Please restate each entry that appears below word for word, without its pictures.
____
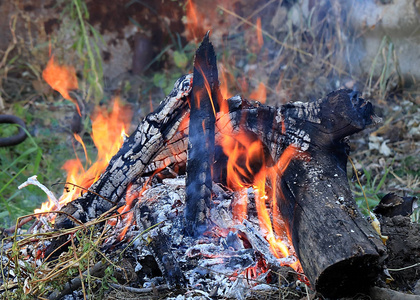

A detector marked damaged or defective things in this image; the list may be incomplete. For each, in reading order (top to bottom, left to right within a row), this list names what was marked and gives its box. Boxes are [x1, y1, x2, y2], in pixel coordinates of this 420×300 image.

charred stick [185, 32, 221, 237]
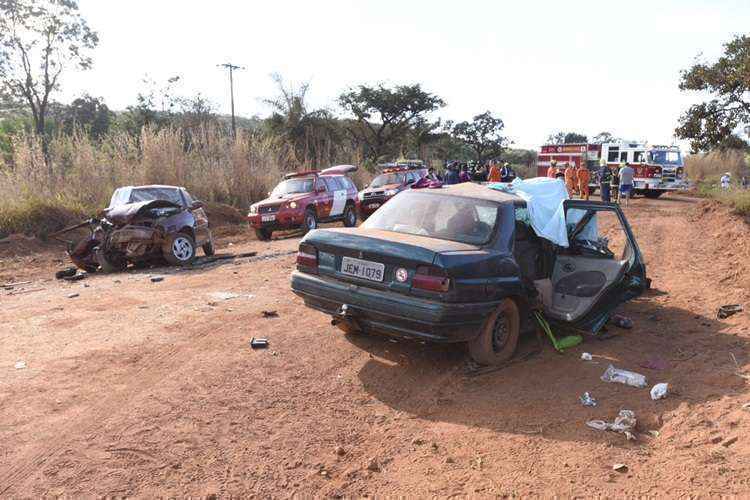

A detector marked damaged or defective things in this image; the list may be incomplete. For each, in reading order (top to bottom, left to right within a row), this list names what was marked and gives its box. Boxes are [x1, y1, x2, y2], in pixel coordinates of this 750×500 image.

detached car part on ground [50, 186, 214, 274]
crashed maroon car [51, 185, 214, 272]
crumpled car hood [103, 200, 183, 226]
shattered windshield [109, 188, 184, 207]
shattered windshield [274, 178, 314, 197]
detached car part on ground [247, 165, 362, 241]
crashed maroon car [250, 165, 362, 241]
shattered windshield [370, 172, 406, 188]
shattered windshield [364, 190, 500, 245]
detached car part on ground [294, 182, 652, 366]
crushed car door [544, 199, 648, 332]
shattered windshield [648, 150, 684, 168]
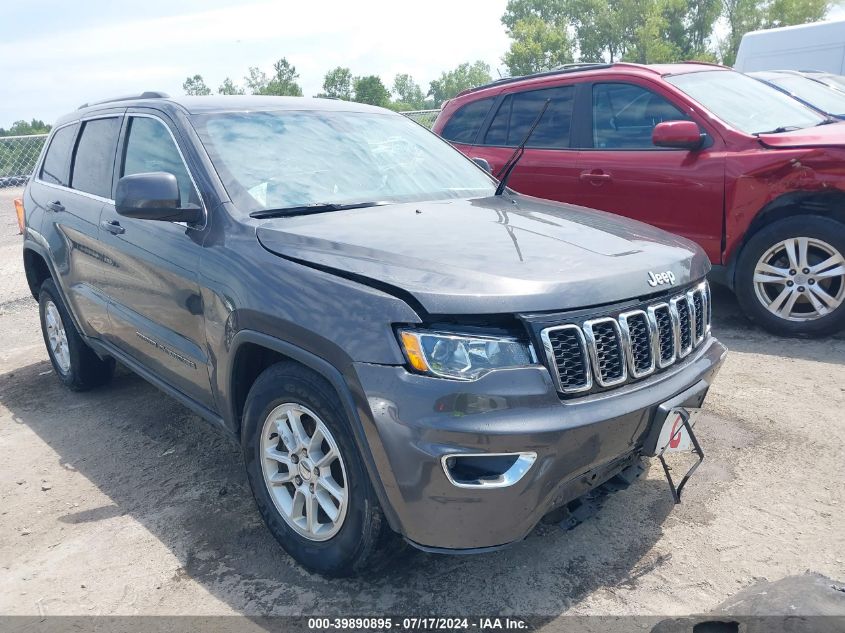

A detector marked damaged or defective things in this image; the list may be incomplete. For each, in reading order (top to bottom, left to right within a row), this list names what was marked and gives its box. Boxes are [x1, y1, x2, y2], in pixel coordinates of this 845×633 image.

red suv damaged fender [436, 64, 844, 338]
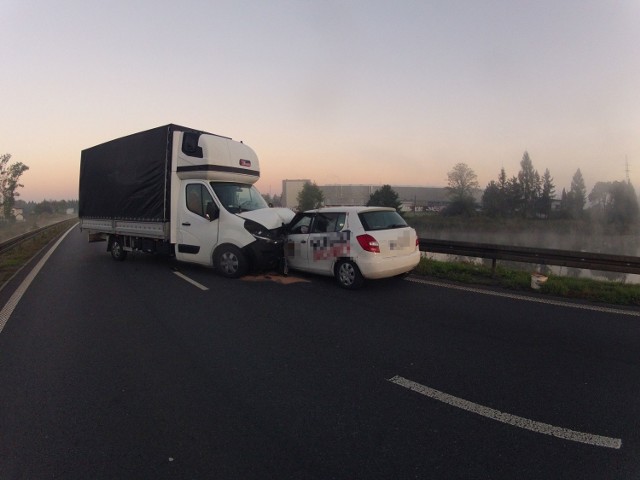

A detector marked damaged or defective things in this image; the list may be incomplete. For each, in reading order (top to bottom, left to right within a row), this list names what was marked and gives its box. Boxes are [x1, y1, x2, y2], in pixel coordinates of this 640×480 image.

crumpled hood [236, 206, 296, 229]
____
# Response to this task
A detector marked damaged or defective things in this image; the list may be incomplete. For each, in reading order (top to bottom, left to right within a row), this list names what was marked and gives its box. Boxes are [x1, y1, x2, y2], in pixel coordinates of this 420×300 image.

charred stick [185, 32, 221, 237]

A detector marked damaged or defective things in this image; the list may be incomplete. For each, in reading order (top to bottom, left to right within a row), this list names what was marked and gives its box. Boxes are [x1, y1, x2, y2], in pixel coordinates of this 750×500 image.

detached car part on ground [50, 186, 214, 274]
crashed maroon car [51, 185, 214, 272]
crumpled car hood [103, 200, 183, 226]
shattered windshield [109, 188, 184, 207]
shattered windshield [274, 178, 314, 197]
detached car part on ground [247, 165, 362, 241]
crashed maroon car [250, 165, 362, 241]
shattered windshield [370, 172, 406, 188]
shattered windshield [364, 190, 500, 245]
detached car part on ground [294, 182, 652, 366]
crushed car door [544, 199, 648, 332]
shattered windshield [648, 150, 684, 168]

A detector marked damaged or defective things in this image; the list may be incomplete. For each, in reading order (top to bottom, left to right within a row), this list names what was marked and gives its box. Boxes are [x1, y1, x2, y2], in pixel coordinates of this 845×633 image.

red suv damaged fender [436, 64, 844, 338]

A detector marked damaged or defective things in this image; the list may be incomplete. For each, in reading order (top to bottom, left to right within a row), this list names what was marked and gives its box. Boxes are [x1, y1, x2, y2], in pixel coordinates of this 640×480 image.

crumpled hood [236, 206, 296, 229]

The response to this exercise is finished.